L'India che emerge dalle poesie di Clara Nubile è un'India poco docile, che lascia il suo segno:
"L'India ci marchiava a fuoco le piante dei piedi".

È un'India che ti fa sentire sempre clandestino, un caos anarchico che però è in grado di trovarti fuori posto, fuori legge, e allora ti devi nascondere:

"E noi, appassivamo. 
Poi ci chiudevamo fra le pagine 
di bibbie clandestine."

In questo rinchiudersi, il ritmo è lento.
E in questa grammatica il tempo, quello verbale ma anche quello vissuto, è sempre imperfetto:

"e noi ci declinavamo lenti,
senza omettere i tempi verbali
più ostici."

E ancora, in questa grammatica personale, se all'inizio c'è spesso un "noi", una prima persona plurale, dopo un po' lo spazio diventa quello della terza persona singolare, quello dei "lui" e delle "lei", e le poesie parlano di singole persone: Srinivas, alle prese con equazioni impossibili in un campus universitario, o Joanna, una polacca che ha scelto di diventare musulmana e di farsi posare sui capelli un velo, insieme alla mano misericordiosa di Dio.

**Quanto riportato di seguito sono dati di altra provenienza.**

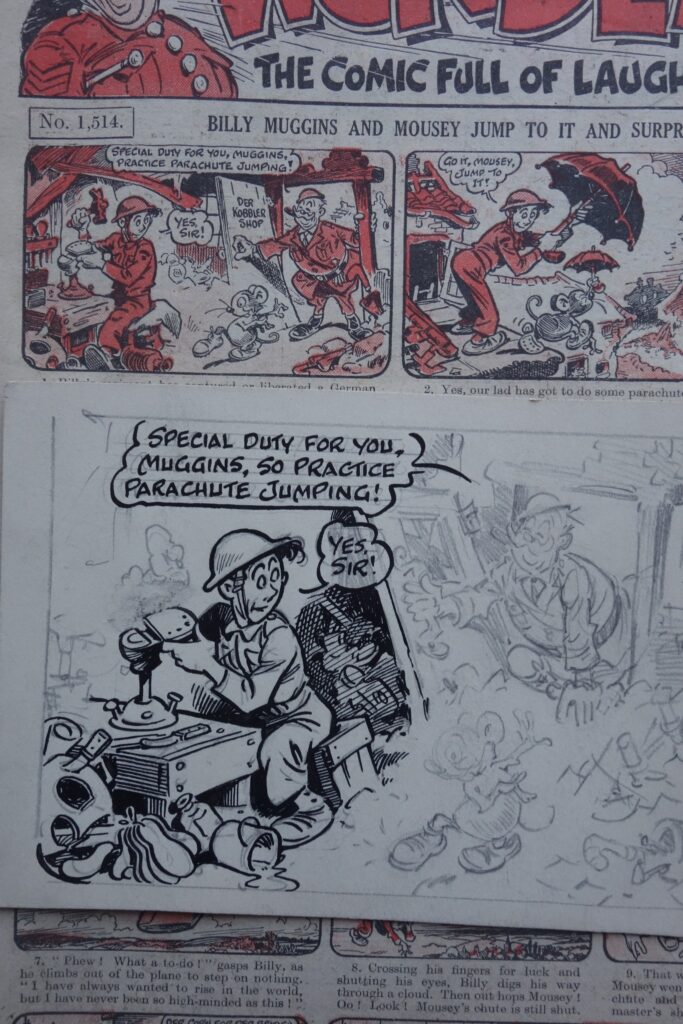 Wonder comic #1514 Feb 3 1945 + Five Preliminary Artworks by Roy Wilson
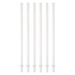 Sunshine Mason Co. Plastic Reusable Drinking Straws 6 Pieces, White
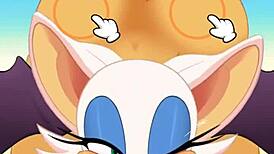 Rouge爆菊时猛吸鸡巴吞精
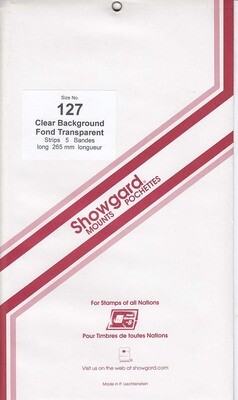 Showgard Stamp Mount Strips: 127mm - Clear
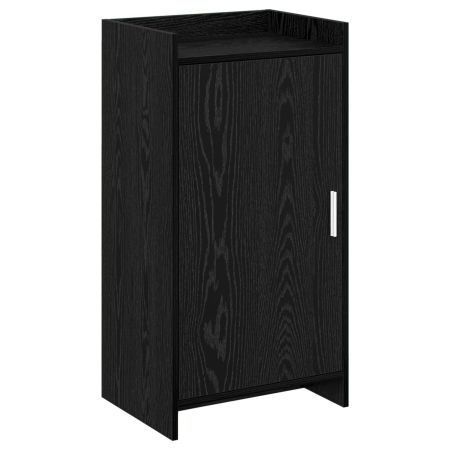 Шкаф за обувки Черен дъб 48 x 36 x 92 см Инженерна дървесина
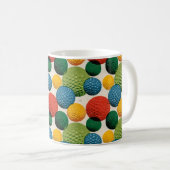Colorful Golf Ball Pattern Koffiemok (Voorkant rechts)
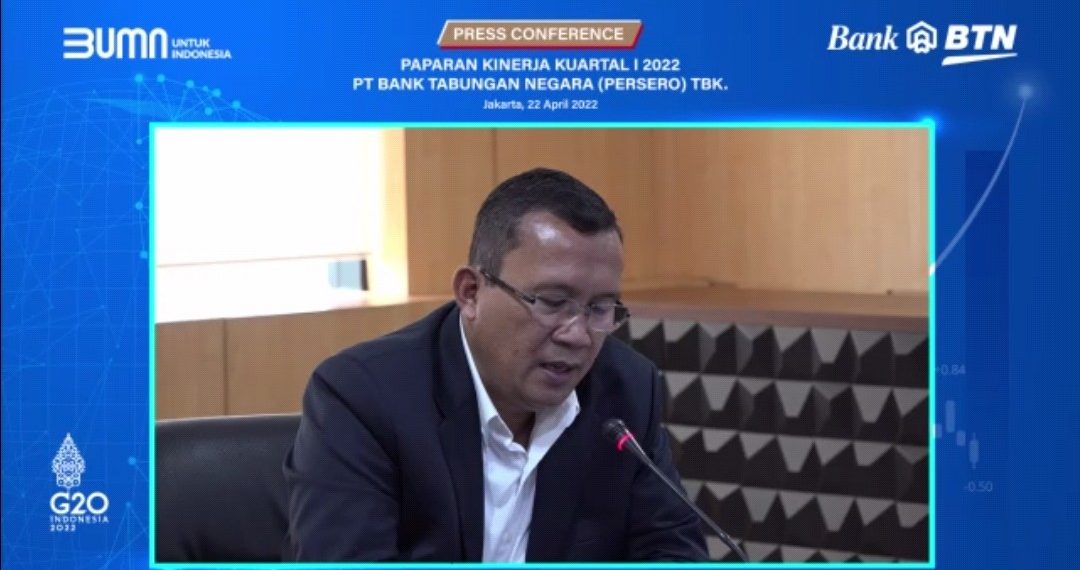 Laba Bersih BTN Naik 23,89% jadi Rp774 Miliar di Kuartal I-2022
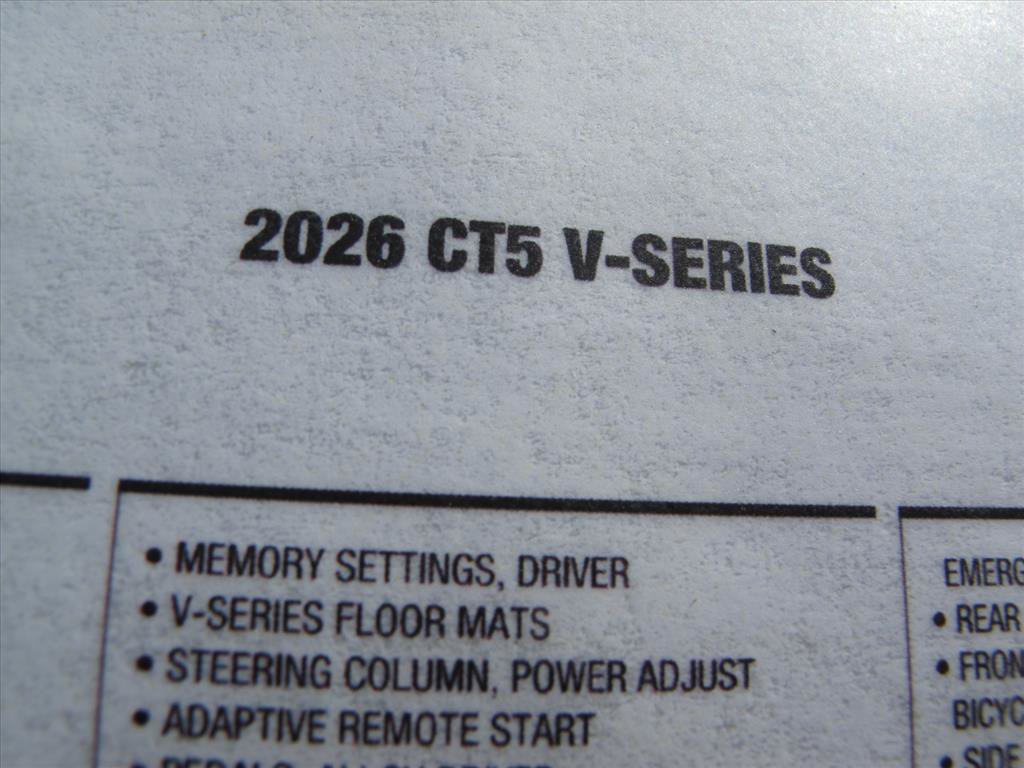 New 2026 Cadillac CT5 V RWD image 9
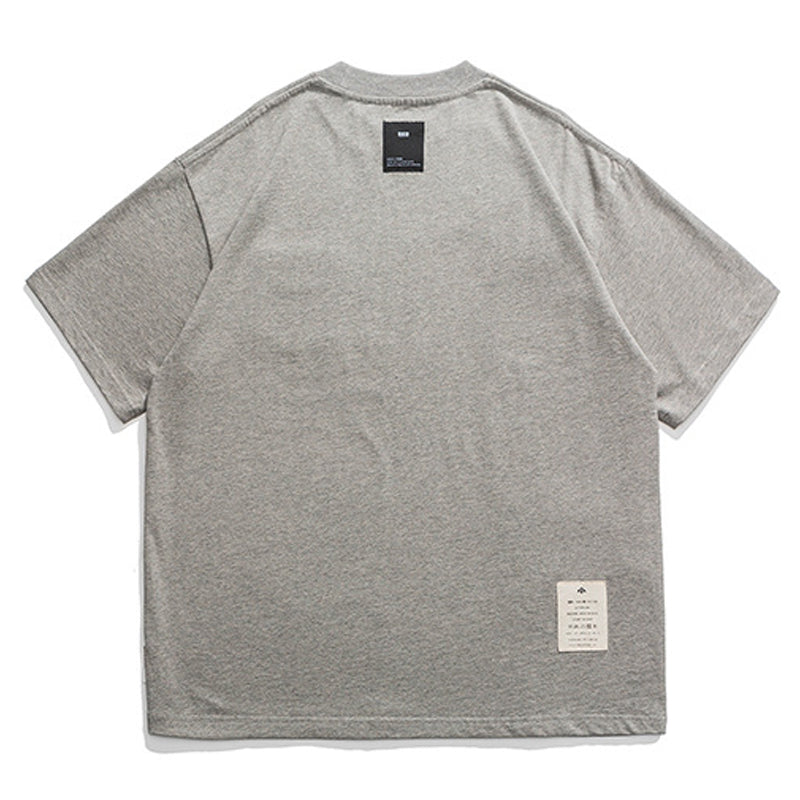 Embroidered pocket cotton tee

Fra amanti uccisi dalle caste, cani con collane di perle, capre sgozzate, puttane con sari rosa, avvocati e cuochi musulmani, sogni, incenso, urina e fegato marcio, in quest'India è il cemento quello che più di ogni altra cosa avanza su tutto il resto: gli edifici in perenne costruzione sono aggressivi e precari, come l'anima.

Un'anima che riesce a trovare la bellezza nel cielo verde e nella terra rossa del Kerala o in un letto di bastoncini di cannella.
Un'anima che sa di essere fragile, e sa esattamente come difendersi.